--- Aim of the exercise ---
In the records below, the line that contains "Deltoides (relajante)" marks the start. Copy it and each line after it through the end, exactly, without pictures.
___ Data ___
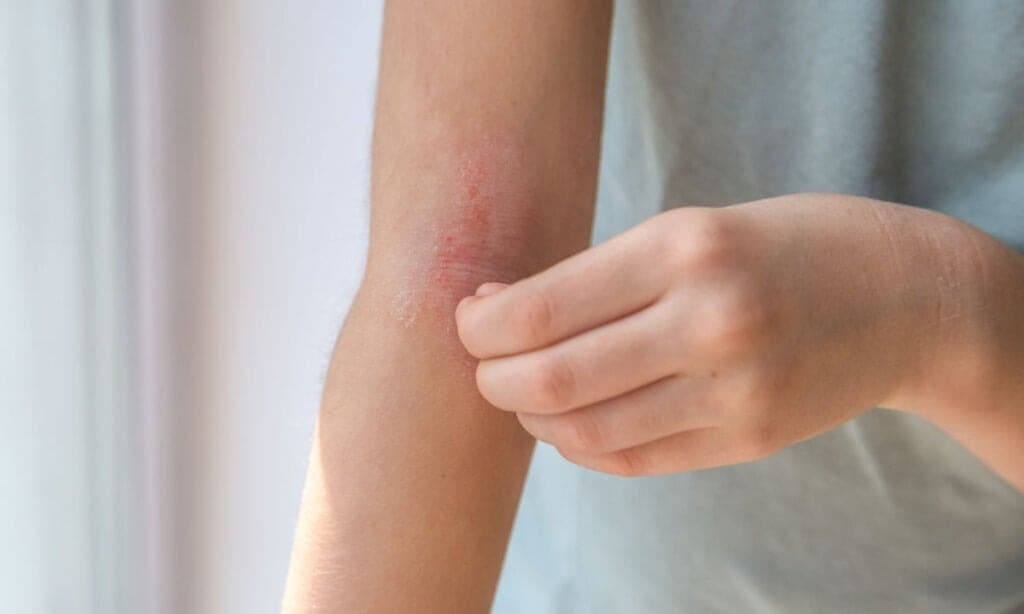 Person scratching an itchy, irritated arm.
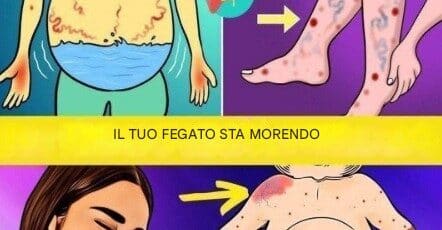 segnali fegato salute problemi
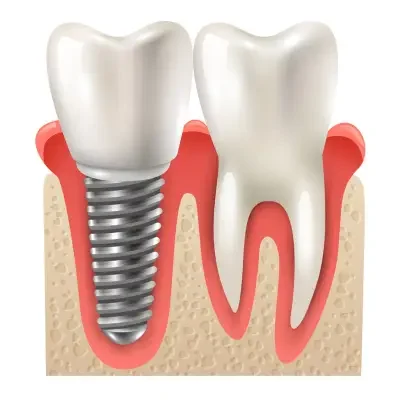 an animated image of what a single tooth dental implant looks like.
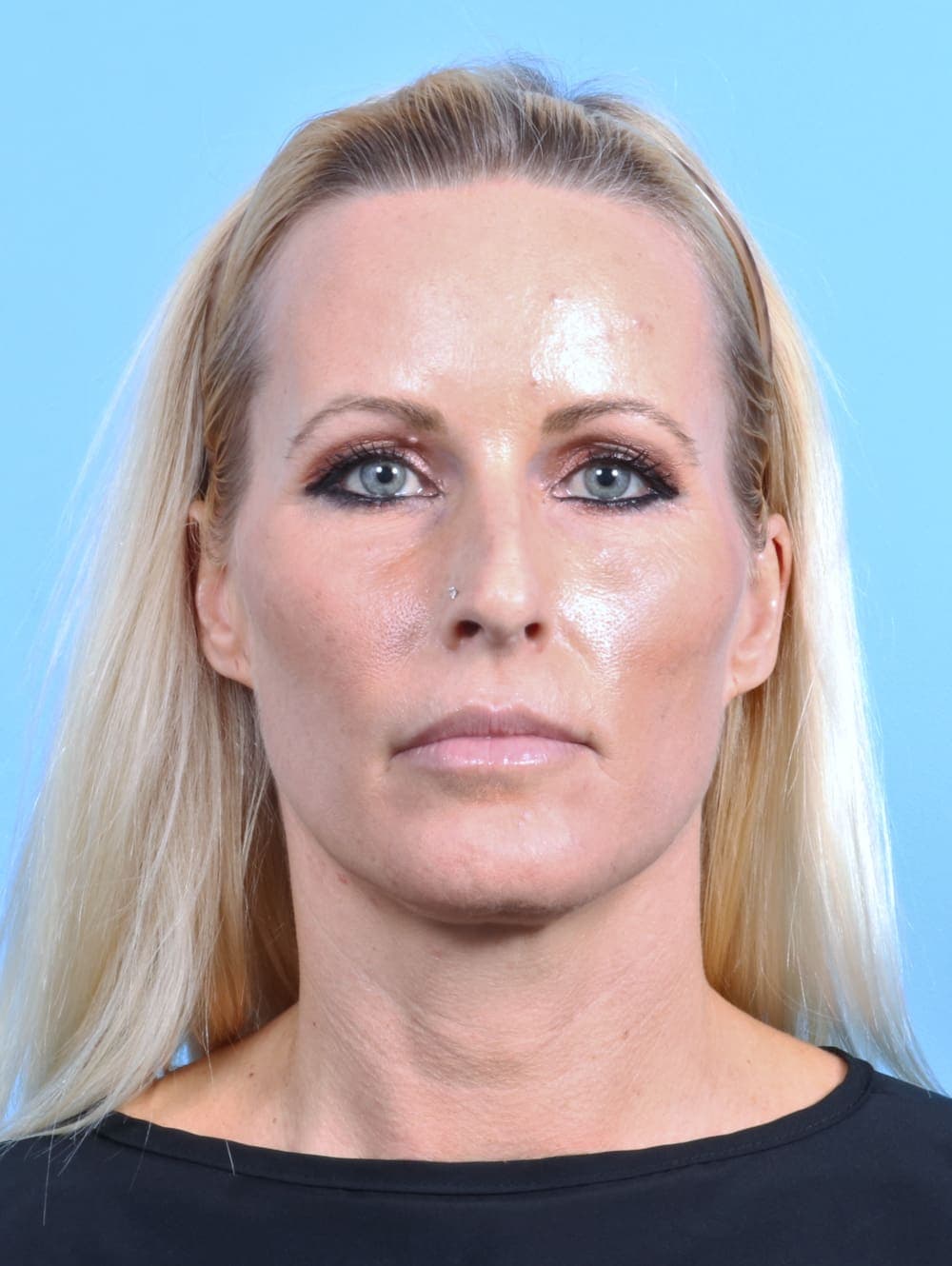 Rhinoplasty case #2655 before, image 2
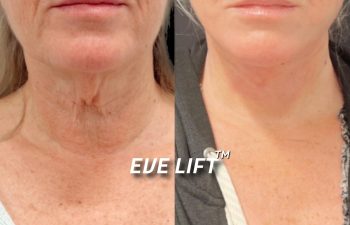 female patient before and after Eve Lift procedure
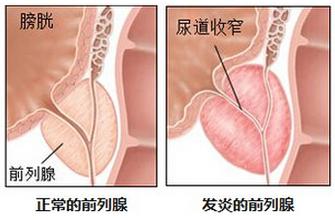 前列腺在什么位置图片【四个前列腺功能必知】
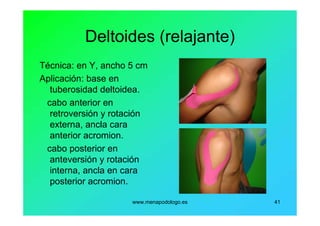 www.menapodologo.es 41
Deltoides (relajante)
Técnica: en Y, ancho 5 cm
Aplicación: base en
tuberosidad deltoidea.
cabo anterior en
retroversión y rotación
externa, ancla cara
anterior acromion.
cabo posterior en
anteversión y rotación
interna, ancla en cara
posterior acromion.
 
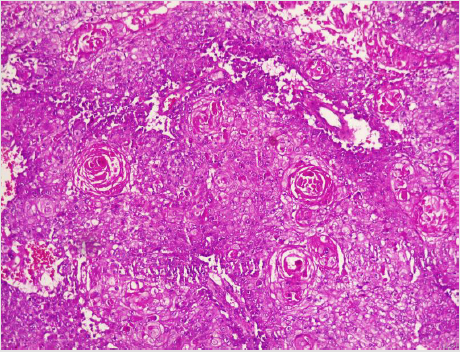 biomedres-openaccess-journal-bjstr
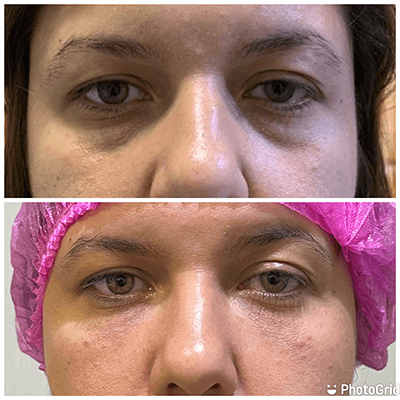 Antes e depois — Preenchimento de olheiras na Clínica Sensitivity, Osasco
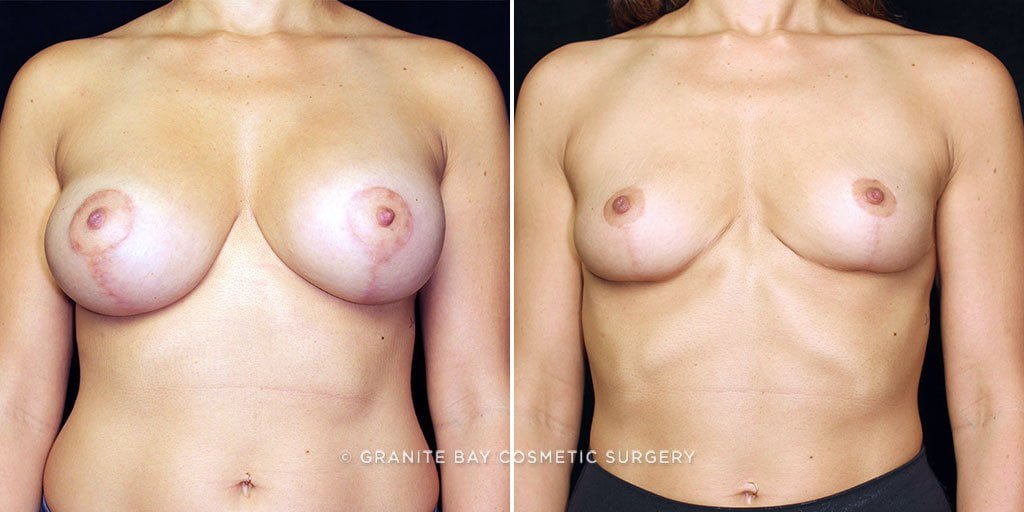 Breast Implant Exchange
___
--- Your response ---
Deltoides (relajante)
Técnica: en Y, ancho 5 cm
Aplicación: base en
tuberosidad deltoidea.
cabo anterior en
retroversión y rotación
externa, ancla cara
anterior acromion.
cabo posterior en
anteversión y rotación
interna, ancla en cara
posterior acromion.
 
 biomedres-openaccess-journal-bjstr
 Antes e depois — Preenchimento de olheiras na Clínica Sensitivity, Osasco
 Breast Implant Exchange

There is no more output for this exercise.